Kodra sometimes likes to talk about his experience trying to surpass me as a rogue in World of Warcraft, while we were raiding. I was able to regularly and easily put out the most damage of the group at very low risk. This has (not incorrectly) been attributed to my weapon choice– having done some testing, I used a dagger in my off hand as part of a sword-based specialization; counterintuitive at best, suboptimal at worst. It was a specific dagger I used, that essentially let me exploit a particular effect that was rather redundant if the dagger was the primary weapon, but unlocked some obscenely powerful chains if it wasn’t. Where I got the idea from was a discussion I’d read about warriors, a class I didn’t even play, that was talking about the value of accuracy (+hit%) for generating their combat resource. If I could hit more often, I could deal significantly more damage, and one of the special properties of the dagger is that it could, on occasion, cause me to hit perfectly for a very brief window. I focused on my accuracy, getting more of those hits to land and getting the dagger to work its magic more often, and I skyrocketed to the top of the charts, not by becoming a better rogue, but by becoming a better warrior.

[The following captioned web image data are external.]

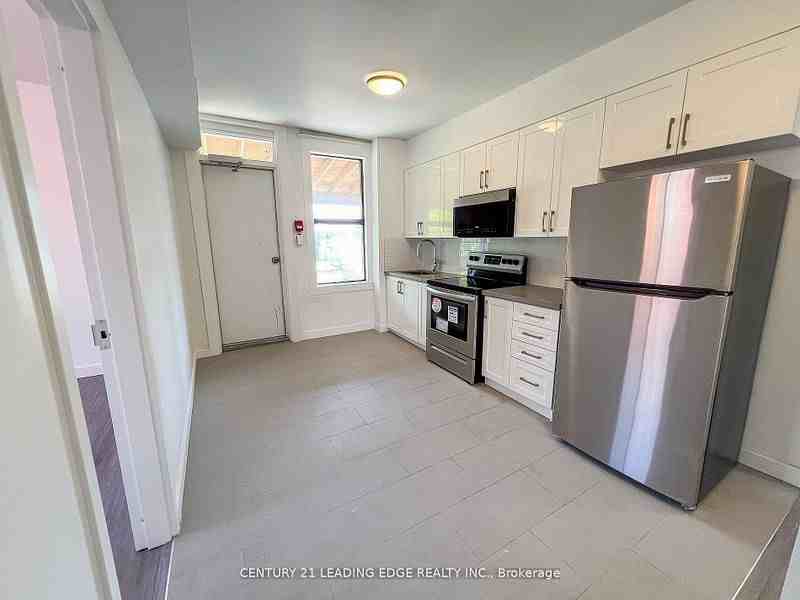 1 A Leonard Avenue #3 - Photo 3 of 33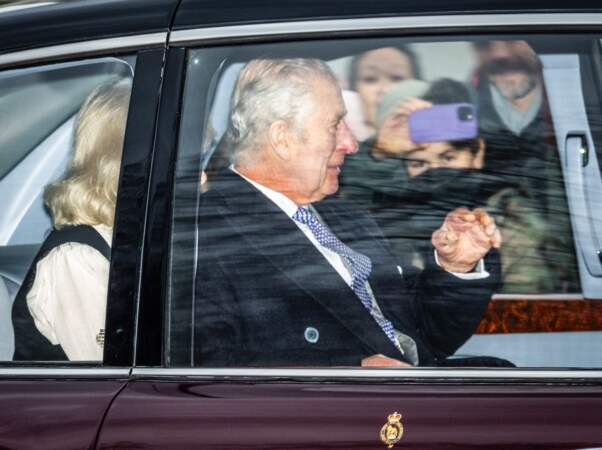 Le roi Charles III et Camilla Parker Bowles, reine consort, partent en voiture de Clarence House, le 6 février 2024.
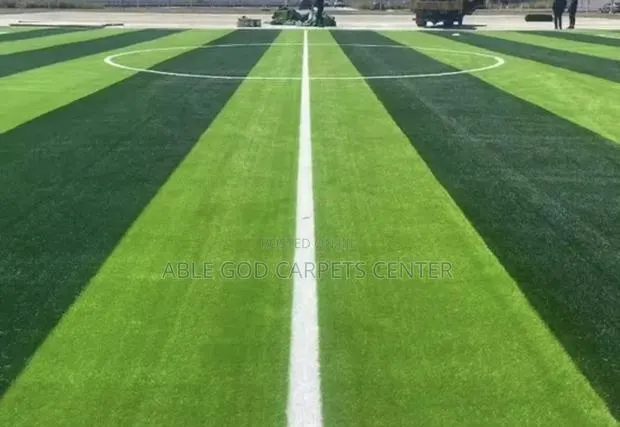 Quality Artificial Grass Carpets or Astroturf for Football Pitches · Photo 1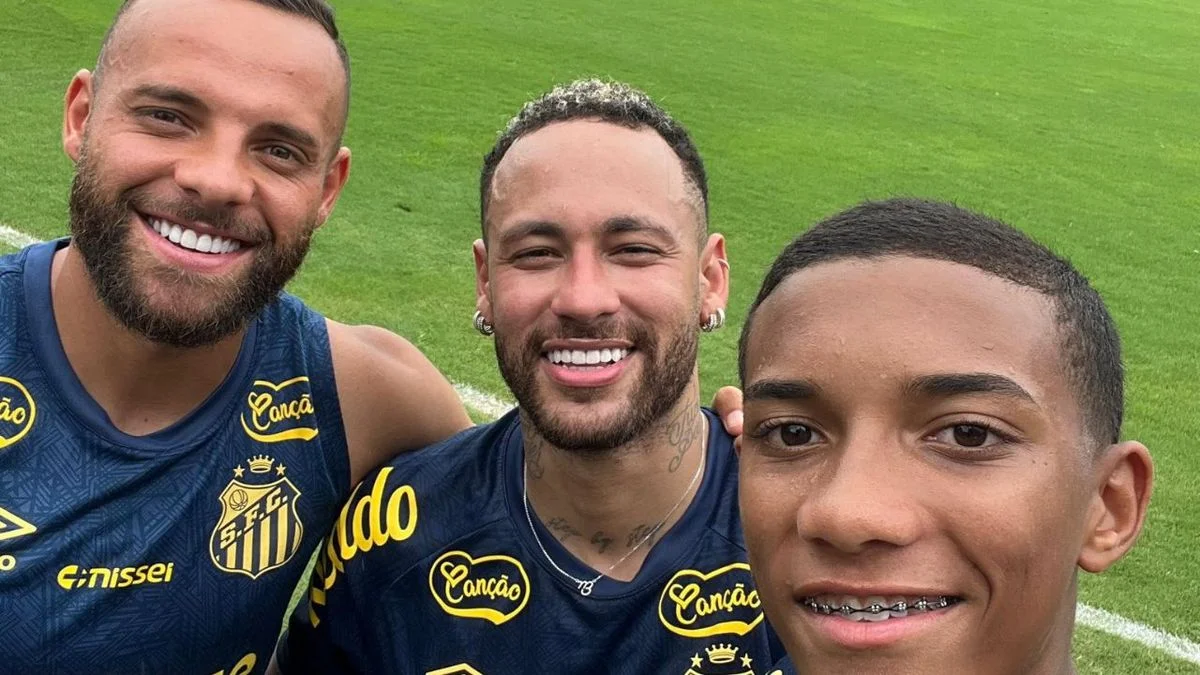 El curioso transporte que utilizó Neymar para llegar a su primer entrenamiento con el Santos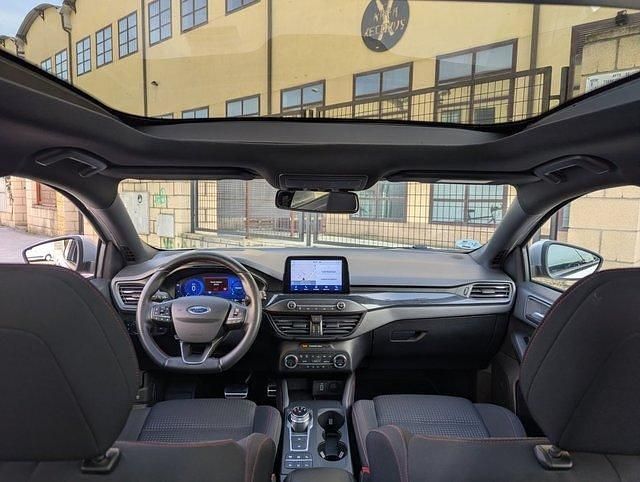 Usado Ford Focus ST-Line X 120 CV (88 kW) 2021 Gris Utilitario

Kodra is nodding right about now, but there’s a second half of this story. One of our other rogues spent months trying to imitate my playstyle and finally got the (admittedly extraordinarily rare) dagger to drop. For him, it was a disaster. His damage spiked, but it was unreliable and he would do too much damage, pull the attention of whatever enemy we were fighting, and wind up in the dirt… or the dagger wouldn’t trigger often enough to be worthwhile. He found it very frustrating, and fairly quickly shoved the dagger in the bank and never looked back. What he wasn’t doing was the other half of my strategy. Even though I didn’t play other classes, I made an effort to understand what they were all doing in various fights. I knew when our tanks had plenty of control over the fight and when they had less, I knew when our healers had spare cycles for raid healing and when they didn’t, and I knew which transitions were touchy and which weren’t. I ruthlessly exploited these, often taking unnecessary damage or stacking a debuff further than I should have, pushing harder when I knew it was safe and pulling back (and often, slightly to the side if there were other overzealous rogues around) when it wasn’t. A statistic that was frequently brought up was the number of deaths in the raid– how many times someone had pushed a little bit too hard and failed. What was much less frequently checked on was the amount of damage taken per death. I very rarely died, but I took enormous amounts of damage: far more than almost any other rogue in the group. I knew when healers could afford to heal me and when they couldn’t, and when they could I put myself in harm’s way to keep on the enemy.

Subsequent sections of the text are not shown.